In that situation, a fast takeoff should just cause you to get an awful lot of AGI intelligence focused on the problem of solving alignment. So, as the author mentions, perhaps we should be thinking about how we would maintain human supervision in that eventuality? That strikes me as a particular problem that I’d feel more comfortable to have solved by a human alignment researcher than an AGI one.
- Alexander Gietelink Oldenziel 28 May 2023 13:48 UTC
  −13 points
  −7
  Parent
  If we solve the alignment problem than we solve alignment problem.
  
  I agree with this true statement.
  - RogerDearnaley 29 May 2023 4:48 UTC
    11 points
    1
    Parent
    If we can solve enough of the alignment problem, the rest gets solved for us.

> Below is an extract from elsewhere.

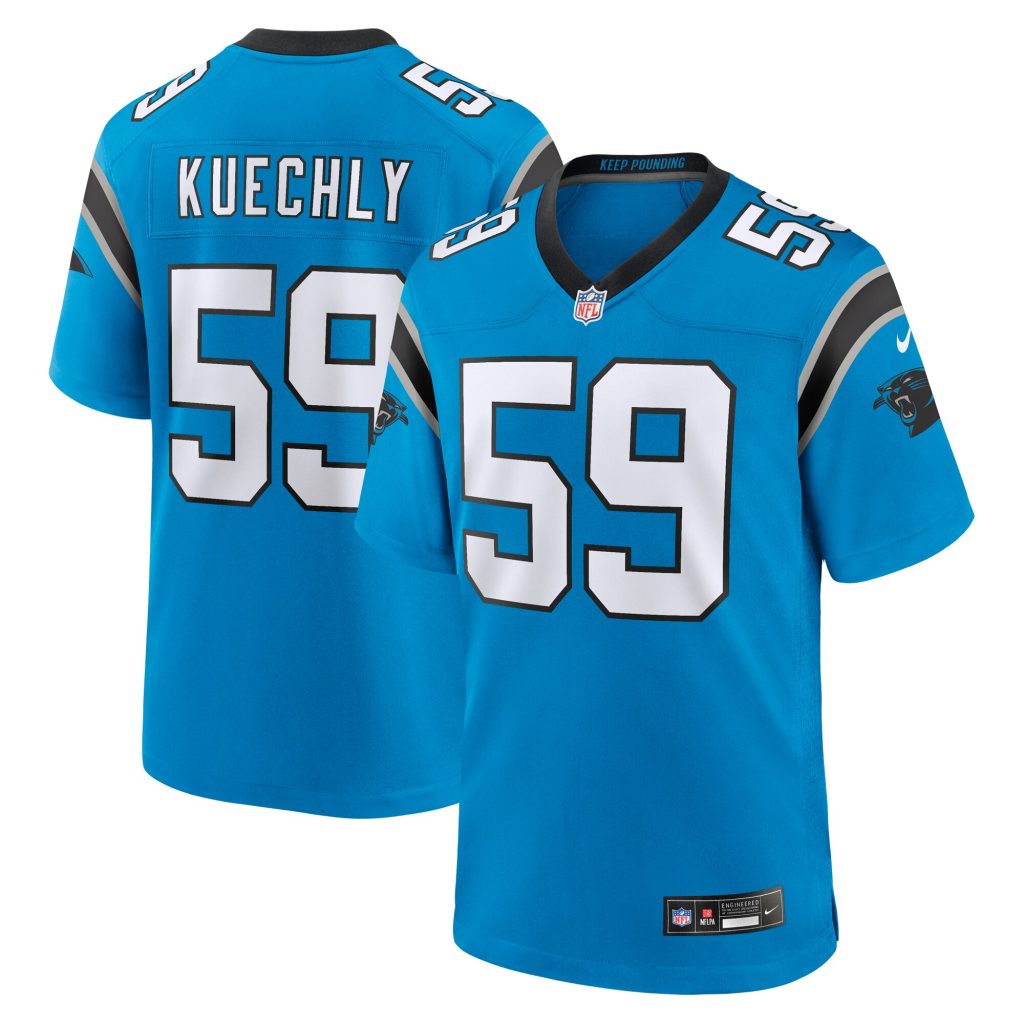 Men's Carolina Panthers Luke Kuechly Nike Blue Retired Player Game Jersey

    If we can get a half-assed approximate solution to the alignment problem, sufficient to semi-align a STEM-capable AGI value learner of about smart-human level well enough to not kill everyone, then it will be strongly motivated to solve the rest of the alignment problem for us, just as the ‘sharp left turn’ is happening, especially if it’s also going Foom. So with value learning, there is is a region of convergence around alignment.
    Or to reuse one of Eliezer’s metaphors, then if we can point the rocket on approximately the right trajectory, it will automatically lock on and course-correct from there.